Mientras la familia, acuciada por necesidades económicas hubo de marchar a Barcelona, al arrimo de la expansión económica propiciada por la Exposición Universal de 1888, Francisca -que ése fue su nombre de pila- pasó su niñez al cuidado de una tía, monja clarisa en los conventos de Montpellier y Gerona. Allí aprendió costura y, seguramente, cimentó su conservadurismo. No aceptó la inquieta chiquilla los proyectos de su pariente en aras a que profesara y hubo de volver con su familia y sus hermanos que ya eran siete. Cuando trabajaba como modistilla en un taller del centro de Barcelona, una artista de varietés, Marta Oliver, que le había oído cantar, admiraba su belleza y sabía de sus estrecheces, le propuso debutar en el cabaret La Gran Peña en que ella se hallaba trabajando.
En 1907 se produjo la primera actuación de La bella Raquel -este fue su primer nombre sugerido por Marta Oliver aludiendo al aire misterioso de su mirada- que, muy lentamente, se fue abriendo camino por los escenarios de mala nota que entonces constituían una de las más populares diversiones masculinas del país. El público -tal como sucedía hasta hace nada en los pocos music-hall supervivientes; ya ninguno resiste- apreciaba más la calidad de la carne y el cachondeo propiciado por las situaciones que las improbables excelsitudes estéticas que en tales guariches podían desarrollarse.

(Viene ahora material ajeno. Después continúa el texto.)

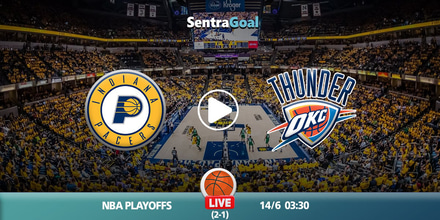 Πέισερς εναντίον Θάντερ LIVE STREAMING ☑️ ΚΑΝΑΛΙ pacers-okc-sentra.jpg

Debe advertirse que el mundo de las varietés andaba muy cercano a lo que hay llamamos prostitución de más o menos empaque y las artistas en sus inicios debían de pasar por las consabidas horcas caudinas. El foyer al que se les solía obligar era generalmente un pretexto para incrementar la recaudación del empresario y, de paso, la asignación propia. Raquel, cuyos amoríos nunca fueron notorios ni escandalosos hubo de apechar también con estos peajes y es posible que a ellos se debiera el hijo que, al parecer, dejó al cuidado de unas gentes de Alcorisa y al que nunca visitó. Tal vez, estos turbios manejos expliquen sus problemas ginecológicos que le impidieron tener hijos, aunque en sus dos matrimonios simulara el embarazo y adoptase, respectivamente, una niña y un niño. En el segundo de ellos, en 1940, con el empresario del casino de Montecarlo el judío-francés Edmond Sayac, matrimonio obviamente de interés entroncado con la expropiación de sus bienes a raiz de la II Guerra Mundial, Raquel tenía 52 años con lo que, a pesar de su buen aspecto, era muy difícil creer en preñeces.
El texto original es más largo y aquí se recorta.